(Exercise input Opens)

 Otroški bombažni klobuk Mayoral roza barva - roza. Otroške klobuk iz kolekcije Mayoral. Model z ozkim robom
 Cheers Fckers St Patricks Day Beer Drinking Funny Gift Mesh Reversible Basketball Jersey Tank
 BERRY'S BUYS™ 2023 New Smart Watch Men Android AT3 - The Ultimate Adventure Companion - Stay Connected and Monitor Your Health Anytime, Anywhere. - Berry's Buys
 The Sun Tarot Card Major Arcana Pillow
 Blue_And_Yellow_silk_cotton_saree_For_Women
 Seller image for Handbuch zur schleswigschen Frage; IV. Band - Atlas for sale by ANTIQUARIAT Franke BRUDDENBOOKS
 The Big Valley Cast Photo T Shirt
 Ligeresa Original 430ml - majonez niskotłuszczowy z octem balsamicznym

(Exercise input Closes)
(Exercise input Opens)

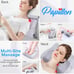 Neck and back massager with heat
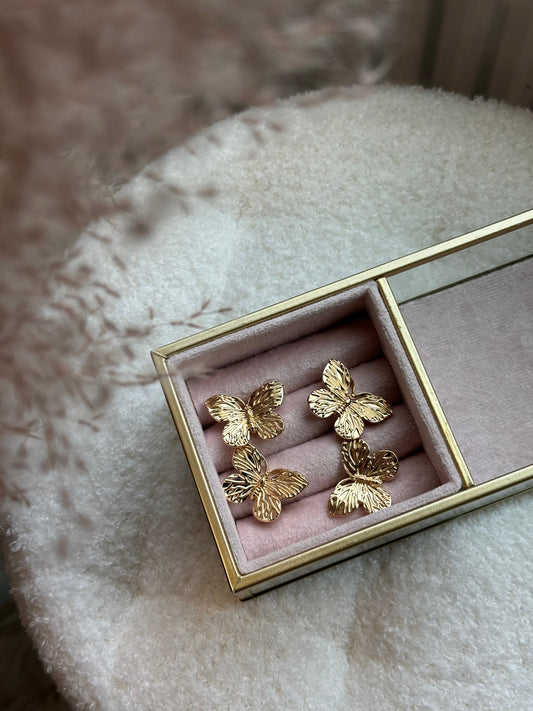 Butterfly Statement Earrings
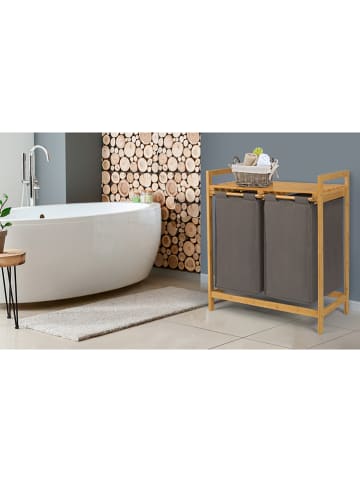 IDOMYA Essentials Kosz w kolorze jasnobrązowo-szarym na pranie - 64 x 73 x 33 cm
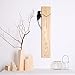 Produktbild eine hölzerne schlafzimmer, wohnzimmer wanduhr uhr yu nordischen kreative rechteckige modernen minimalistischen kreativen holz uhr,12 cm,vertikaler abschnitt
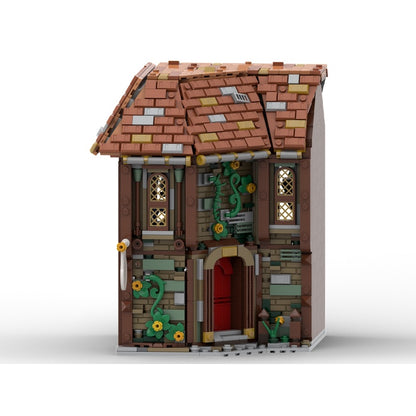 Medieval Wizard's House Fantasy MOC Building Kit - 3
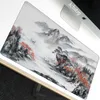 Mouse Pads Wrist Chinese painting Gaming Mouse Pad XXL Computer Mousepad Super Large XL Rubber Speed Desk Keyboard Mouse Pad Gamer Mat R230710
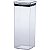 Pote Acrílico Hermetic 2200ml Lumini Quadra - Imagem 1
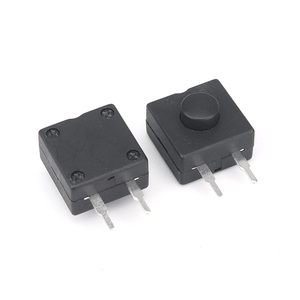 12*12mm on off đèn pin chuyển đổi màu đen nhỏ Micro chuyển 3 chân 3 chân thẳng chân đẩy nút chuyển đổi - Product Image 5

(Exercise input Closes)

[Task statement]:
With the pictures left out, write out exactly the lines above from the one containing "Neck and back massager with heat" through the one containing "12*12mm on off".

[Solution below]:
 Neck and back massager with heat
 Butterfly Statement Earrings
 IDOMYA Essentials Kosz w kolorze jasnobrązowo-szarym na pranie - 64 x 73 x 33 cm
 Produktbild eine hölzerne schlafzimmer, wohnzimmer wanduhr uhr yu nordischen kreative rechteckige modernen minimalistischen kreativen holz uhr,12 cm,vertikaler abschnitt
 Medieval Wizard's House Fantasy MOC Building Kit - 3
 Mouse Pads Wrist Chinese painting Gaming Mouse Pad XXL Computer Mousepad Super Large XL Rubber Speed Desk Keyboard Mouse Pad Gamer Mat R230710
 Pote Acrílico Hermetic 2200ml Lumini Quadra - Imagem 1
 12*12mm on off đèn pin chuyển đổi màu đen nhỏ Micro chuyển 3 chân 3 chân thẳng chân đẩy nút chuyển đổi - Product Image 5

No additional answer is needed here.